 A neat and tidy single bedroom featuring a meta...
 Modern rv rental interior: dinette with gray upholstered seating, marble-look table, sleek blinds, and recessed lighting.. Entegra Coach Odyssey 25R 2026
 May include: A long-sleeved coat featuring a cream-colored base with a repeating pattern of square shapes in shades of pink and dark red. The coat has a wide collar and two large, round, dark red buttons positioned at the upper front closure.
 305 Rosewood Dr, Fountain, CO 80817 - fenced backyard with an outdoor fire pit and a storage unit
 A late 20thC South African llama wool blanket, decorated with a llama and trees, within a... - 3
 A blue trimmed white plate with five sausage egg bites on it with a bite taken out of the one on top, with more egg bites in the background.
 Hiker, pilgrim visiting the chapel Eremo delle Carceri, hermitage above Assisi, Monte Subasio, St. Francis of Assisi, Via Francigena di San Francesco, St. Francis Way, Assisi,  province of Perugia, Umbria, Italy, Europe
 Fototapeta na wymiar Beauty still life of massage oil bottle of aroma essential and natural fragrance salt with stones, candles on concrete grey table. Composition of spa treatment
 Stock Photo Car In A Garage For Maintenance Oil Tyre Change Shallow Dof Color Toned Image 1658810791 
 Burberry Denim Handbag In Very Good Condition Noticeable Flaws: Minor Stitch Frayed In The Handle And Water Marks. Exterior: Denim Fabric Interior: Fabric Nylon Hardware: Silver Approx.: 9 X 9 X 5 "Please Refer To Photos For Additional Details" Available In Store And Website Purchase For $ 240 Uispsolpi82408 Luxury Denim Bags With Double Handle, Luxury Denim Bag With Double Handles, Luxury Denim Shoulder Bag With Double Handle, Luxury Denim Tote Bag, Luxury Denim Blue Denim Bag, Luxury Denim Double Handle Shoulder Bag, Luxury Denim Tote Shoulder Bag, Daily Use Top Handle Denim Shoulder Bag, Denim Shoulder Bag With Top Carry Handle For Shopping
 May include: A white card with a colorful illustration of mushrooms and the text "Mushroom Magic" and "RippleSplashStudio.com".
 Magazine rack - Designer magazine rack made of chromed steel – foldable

..............................

- What the exercise asks
Copy out the material in its entirety. Keep it exact.

- Response area
 A neat and tidy single bedroom featuring a meta...
 Modern rv rental interior: dinette with gray upholstered seating, marble-look table, sleek blinds, and recessed lighting.. Entegra Coach Odyssey 25R 2026
 May include: A long-sleeved coat featuring a cream-colored base with a repeating pattern of square shapes in shades of pink and dark red. The coat has a wide collar and two large, round, dark red buttons positioned at the upper front closure.
 305 Rosewood Dr, Fountain, CO 80817 - fenced backyard with an outdoor fire pit and a storage unit
 A late 20thC South African llama wool blanket, decorated with a llama and trees, within a... - 3
 A blue trimmed white plate with five sausage egg bites on it with a bite taken out of the one on top, with more egg bites in the background.
 Hiker, pilgrim visiting the chapel Eremo delle Carceri, hermitage above Assisi, Monte Subasio, St. Francis of Assisi, Via Francigena di San Francesco, St. Francis Way, Assisi,  province of Perugia, Umbria, Italy, Europe
 Fototapeta na wymiar Beauty still life of massage oil bottle of aroma essential and natural fragrance salt with stones, candles on concrete grey table. Composition of spa treatment
 Stock Photo Car In A Garage For Maintenance Oil Tyre Change Shallow Dof Color Toned Image 1658810791 
 Burberry Denim Handbag In Very Good Condition Noticeable Flaws: Minor Stitch Frayed In The Handle And Water Marks. Exterior: Denim Fabric Interior: Fabric Nylon Hardware: Silver Approx.: 9 X 9 X 5 "Please Refer To Photos For Additional Details" Available In Store And Website Purchase For $ 240 Uispsolpi82408 Luxury Denim Bags With Double Handle, Luxury Denim Bag With Double Handles, Luxury Denim Shoulder Bag With Double Handle, Luxury Denim Tote Bag, Luxury Denim Blue Denim Bag, Luxury Denim Double Handle Shoulder Bag, Luxury Denim Tote Shoulder Bag, Daily Use Top Handle Denim Shoulder Bag, Denim Shoulder Bag With Top Carry Handle For Shopping
 May include: A white card with a colorful illustration of mushrooms and the text "Mushroom Magic" and "RippleSplashStudio.com".
 Magazine rack - Designer magazine rack made of chromed steel – foldable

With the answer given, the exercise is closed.